Desjani suddenly laughed. Noticing Geary and Duellos staring at her, she pointed at the star display. “That Syndic CEO at Midway is going to be waiting for help to arrive, expecting the aliens to show up in force at any time, and instead of a Syndic flotilla dashing to the rescue, she’s going to see the Alliance fleet come popping out of her hypernet gate. Can you imagine? She’s going to bounce so high from shock that she’ll clear atmosphere.”
It took a few days to get damage repaired as much as possible. In a perfect world, Geary would have sent off the most badly damaged ships on a journey home, but even though the Alliance was manufacturing more Syndic hypernet keys using the data taken from the one on Dauntless, none of those keys had been available before the fleet left. Only ships accompanied by Dauntless could use the Syndic hypernet, so the damaged ships would have to stay with the fleet, accompanying the auxiliaries. The auxiliaries also distributed replacement fuel cells, missiles, and grapeshot to the fleet, along with the spare parts and repair materials they had been manufacturing.
He could either jump the fleet for Mandalon or back to Zevos, and chose Zevos since that star system had a hypernet gate. Even though the Syndicate Worlds and the Alliance were now formally and technically at peace, Geary still felt like an occupying power as he led the fleet to the jump point, knowing that every man, woman, and child in the star system was watching the Alliance fleet with dread and distrust.
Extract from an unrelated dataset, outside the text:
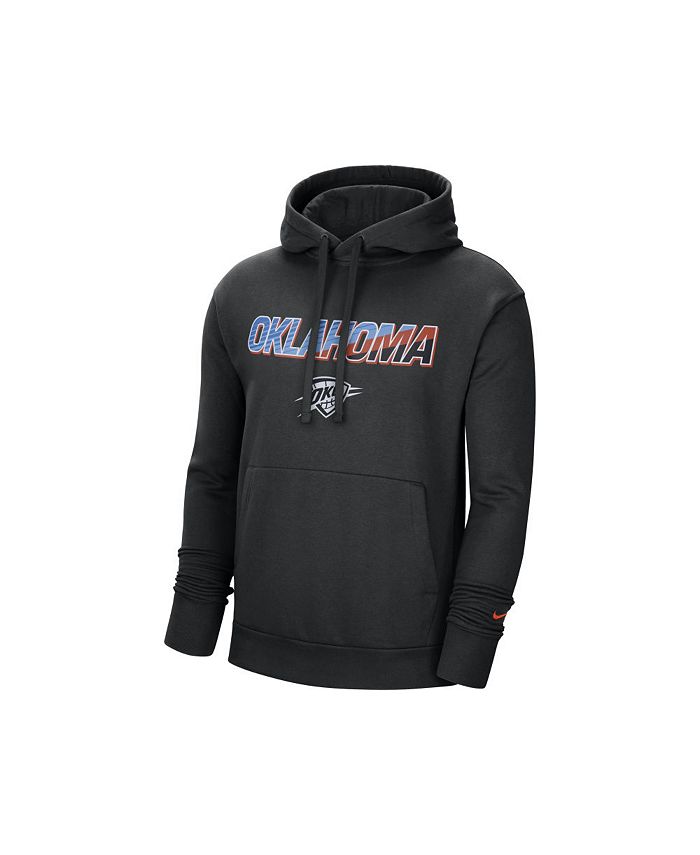 Nike Oklahoma City Thunder Men s City Edition Logo Essential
If Desjani was bothered by the scrutiny of distrustful Syndics, she didn’t show it. “Back to Zevos through jump space, then by hypernet to Midway. If the Syndic data can be trusted, we’ll be cutting it very fine, getting there about a day before the ultimatum expires.”
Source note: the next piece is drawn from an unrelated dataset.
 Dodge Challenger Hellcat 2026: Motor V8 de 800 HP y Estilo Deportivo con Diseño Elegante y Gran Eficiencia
“I don’t think the Syndics will complain.”
“They’d better not.”
He called Carabali. “General, I just want to be sure we’ve off-loaded every Syndic guest your Marines picked up from wrecked warships.”
“Every one of our guests was escorted into repaired escape pods and launched toward safe locations,” Carabali confirmed. “The fleet database reported that there is one Syndic still remaining aboard Dauntless, but I was informed that he was a special case.”
“That’s right, General. We’re taking CEO Boyens back to his home.”
“What about our own POWs here, Admiral?” Carabali asked. “They surely want to go home, too.”
“I don’t want to load them now,” Geary explained. “They’d overcrowd our ships, and there’s no sense risking those liberated POWs in combat if we end up fighting the aliens. Once we finish with the aliens at Midway, we’ll come back through here to pick up our own POWs from the Syndics and take them home with us. I’ve talked to the senior POWs to explain that, and the new Syndic leaders know they’d better treat our people very well until we get back.” Geary smiled. “I personally told those Syndics that if they didn’t take good care of our people, then they’d be getting individual visits from Alliance Marines when we returned.”